Si parte dal piazzale dell’Eremo di Camaldoli dopo esservi giunti in auto. Da qui, prendendo per la strada comunale 124 che porta a Badia Prataglia si inizia una leggera salita asfaltata che ci conduce fino al Bivio di Prato alla Penna.

Ecco quindi che ci troveremo ad un croce via dal quale, svoltando a sinistra  in relazione alla direzione di nostra provenienza ci immettiamo nel sentiero GEA 00 che, con tratti a volte di leggera, altre di dura salita su fondo sconnesso, ci porta fino a Poggio Scali.
È importante durante questo tragitto mantenere tale sentiero, in quanto, lungo il percorso sono presenti alcuni bivi con tanto di cartellonistica CAI dai quali è bene non farsi distrarre.

Tratti ombrati di faggi e piante ad alto fusto in genere si alternano a vedute panoramiche dalle quali è possibile
scorgere il versante romagnolo sulla destra e quello casentinese sulla sinistra. Conviene di tanto in tanto porvi la dovuta attenzione.
Sul pianoro del Porcareccio è possibile rifocillarsi con acqua fresca corrente prelevabile per gran parte dell’anno dalla cosi chiamata “Fonte di Gino”.
Ecco giunti a Poggio Scali, la nostra prima vera tappa prefissata. Un panorama mozzafiato che vale di sicuro il prezzo del “biglietto”. La collinetta  panoramica si erge sontuosa sul tetto del crinale a quota 1520 slm.

È impossibile da qui non soffermarsi a meditare e a compiere qualche scatto che resterà indelebile per la nostra anima naturalista e selvaggia.
Terminata la sosta si riparte compiendo una inversione ad U, ovvero immettendoci nuovamente nello stesso percorso dianzi intrapreso, lo 00; se prima vi erano dure salite, adesso si fanno strada delle ardite discese che per gli amanti della mountain bike sono “manna caduta dal cielo”.

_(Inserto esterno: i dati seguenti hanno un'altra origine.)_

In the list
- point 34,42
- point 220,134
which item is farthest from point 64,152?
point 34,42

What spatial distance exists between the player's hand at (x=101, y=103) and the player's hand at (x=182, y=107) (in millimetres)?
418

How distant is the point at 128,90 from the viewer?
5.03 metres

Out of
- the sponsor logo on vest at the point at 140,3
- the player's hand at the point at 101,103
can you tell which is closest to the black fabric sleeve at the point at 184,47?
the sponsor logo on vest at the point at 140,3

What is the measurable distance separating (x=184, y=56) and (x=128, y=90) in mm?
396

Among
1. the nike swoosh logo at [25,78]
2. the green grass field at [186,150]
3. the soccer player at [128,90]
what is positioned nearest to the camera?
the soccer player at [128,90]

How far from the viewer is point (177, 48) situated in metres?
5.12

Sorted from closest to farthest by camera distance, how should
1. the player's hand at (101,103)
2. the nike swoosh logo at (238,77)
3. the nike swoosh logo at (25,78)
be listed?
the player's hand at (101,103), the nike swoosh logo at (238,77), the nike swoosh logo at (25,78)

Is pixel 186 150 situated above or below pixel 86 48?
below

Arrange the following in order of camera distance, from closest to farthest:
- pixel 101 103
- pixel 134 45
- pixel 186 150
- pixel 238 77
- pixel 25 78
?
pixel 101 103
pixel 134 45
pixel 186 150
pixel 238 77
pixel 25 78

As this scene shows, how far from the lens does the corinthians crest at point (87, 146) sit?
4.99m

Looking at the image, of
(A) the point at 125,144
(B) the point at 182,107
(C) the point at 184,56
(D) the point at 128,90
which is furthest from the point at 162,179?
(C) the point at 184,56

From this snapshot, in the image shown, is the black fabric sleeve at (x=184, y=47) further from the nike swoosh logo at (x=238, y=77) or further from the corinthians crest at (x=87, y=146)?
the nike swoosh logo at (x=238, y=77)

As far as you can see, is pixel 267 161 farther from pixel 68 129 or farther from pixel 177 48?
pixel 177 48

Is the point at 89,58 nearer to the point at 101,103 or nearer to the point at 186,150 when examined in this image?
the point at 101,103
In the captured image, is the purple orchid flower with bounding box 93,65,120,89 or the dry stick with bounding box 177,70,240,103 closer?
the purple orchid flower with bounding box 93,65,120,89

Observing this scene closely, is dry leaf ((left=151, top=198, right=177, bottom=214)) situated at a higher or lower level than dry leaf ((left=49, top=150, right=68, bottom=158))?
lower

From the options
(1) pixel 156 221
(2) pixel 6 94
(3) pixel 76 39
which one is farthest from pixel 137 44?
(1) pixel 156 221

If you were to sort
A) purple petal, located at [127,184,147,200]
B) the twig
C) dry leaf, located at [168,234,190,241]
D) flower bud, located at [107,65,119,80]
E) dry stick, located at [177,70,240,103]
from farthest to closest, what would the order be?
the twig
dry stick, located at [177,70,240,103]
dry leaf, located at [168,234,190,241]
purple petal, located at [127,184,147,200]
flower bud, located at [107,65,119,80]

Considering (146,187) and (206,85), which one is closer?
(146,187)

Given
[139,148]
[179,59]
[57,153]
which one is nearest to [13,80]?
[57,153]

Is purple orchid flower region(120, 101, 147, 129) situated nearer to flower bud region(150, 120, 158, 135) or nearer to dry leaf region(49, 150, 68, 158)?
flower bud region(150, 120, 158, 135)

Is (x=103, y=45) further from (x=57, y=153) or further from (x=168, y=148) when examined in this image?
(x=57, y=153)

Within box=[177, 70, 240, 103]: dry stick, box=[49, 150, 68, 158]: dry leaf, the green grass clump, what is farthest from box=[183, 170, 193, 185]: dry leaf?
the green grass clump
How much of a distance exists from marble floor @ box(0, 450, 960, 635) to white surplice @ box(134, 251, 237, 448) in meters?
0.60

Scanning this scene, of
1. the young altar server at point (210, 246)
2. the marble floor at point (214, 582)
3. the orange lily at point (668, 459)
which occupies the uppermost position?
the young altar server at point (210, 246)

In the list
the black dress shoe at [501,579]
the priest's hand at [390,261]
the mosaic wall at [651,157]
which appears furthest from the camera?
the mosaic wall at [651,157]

Pochi minuti di adrenalina e la strada torna ad essere leggermente pianeggiante fino a d arrivare al bivio per Battilocchio. Da qui attraverso una discesa tecnica di circa 2 Km si arriva alla congiunzione con la strada asfaltata AR72. Si svolta in direzione Lonnano Pratovecchio e si continua per circa 1 Km fino a che, sulla sinistra vi è un bivio composto
da due deviazioni. Noi prenderemo quella più a destra lungo il sentiero 94. Un “Singol Trek” mozza fiato per veri biker selvaggi.

Dopo un tratto molto tecnico in MTB su cui occorre prestare molta attenzione, si giunge ad un piccolo crocevia in cui, proseguendo dritto, sempre mantenendo lo stesso numero di sentiero ci troveremo a percorrere uno dei più blasonati sentieri per MTB in Casentino: il Sentiero dei tedeschi.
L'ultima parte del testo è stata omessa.